È lo stesso Clooney, in conferenza stampa a Venezia, a fare riferimento ai commenti isolazionisti e intolleranti del Presidente e a sottolineare come da sempre l’uomo bianco (in particolare quello americano) abbia avuto la tendenza a “guardare dalla parte sbagliata”: non sarà certo nemmeno un caso se i muri che la comunità di Suburbicon costruisce per non vedere la famiglia afroamericana, nella pratica, aiutino la stessa famiglia afroamericana a non guardare gli orrori della sua controparte bianca.
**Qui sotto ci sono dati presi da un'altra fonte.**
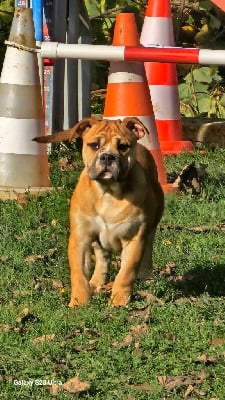 Les chiots de Bulldog continental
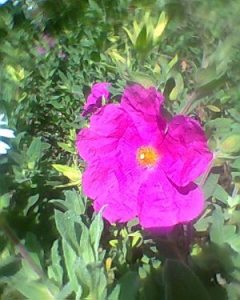 6398819_eff2ac111c_m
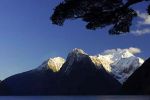 Early morning detail of Milford Sound.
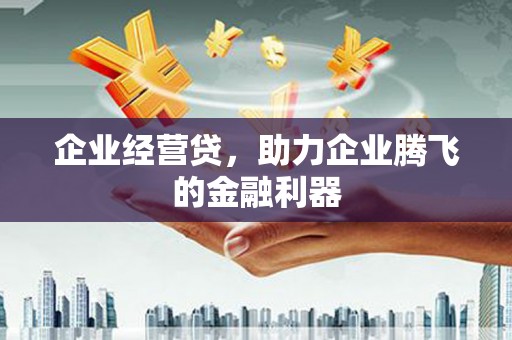 湖西企业经营贷，助力企业腾飞的金融利器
E’ il 1970 quando l’artista afroamericano Gil Scott-Heron, icona del jazz e poeta dei diritti civili, nel brano Comment No. 1 s’interroga sul fallimento dell’American Dream e sulla condizione afroamericana negli Stati Uniti, chiedendosi a gran voce: “Who will survive in America?”.
George Clooney, abbandonate le feste in terrazza e le casse colme di Martini (con cui è diventato ricco e famoso in Italia) a distanza di quasi cinquant’anni dal poeta – e a sessanta esatti dall’episodio della famiglia Myers – sembra porsi, di nuovo, la stessa domanda.
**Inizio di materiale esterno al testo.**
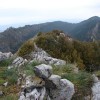 Cima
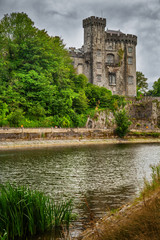 Fototapeta na wymiar Kilkenny Castle At River Nore In Ireland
La risposta, però, non è affidata alla squadra di attori e colleghi protagonisti del film; al contrario, come da tradizione, si conserva pura e innocente nelle mani dei due bambini, il piccolo Lodge e il figlio dei vicini afroamericani. Con uno slancio di fiducia nelle nuove generazioni, Clooney risolve così in modo forse troppo usuale e democratico, un dibattito attuale e molto più delicato di ciò che racconta nella sua favola suburbana.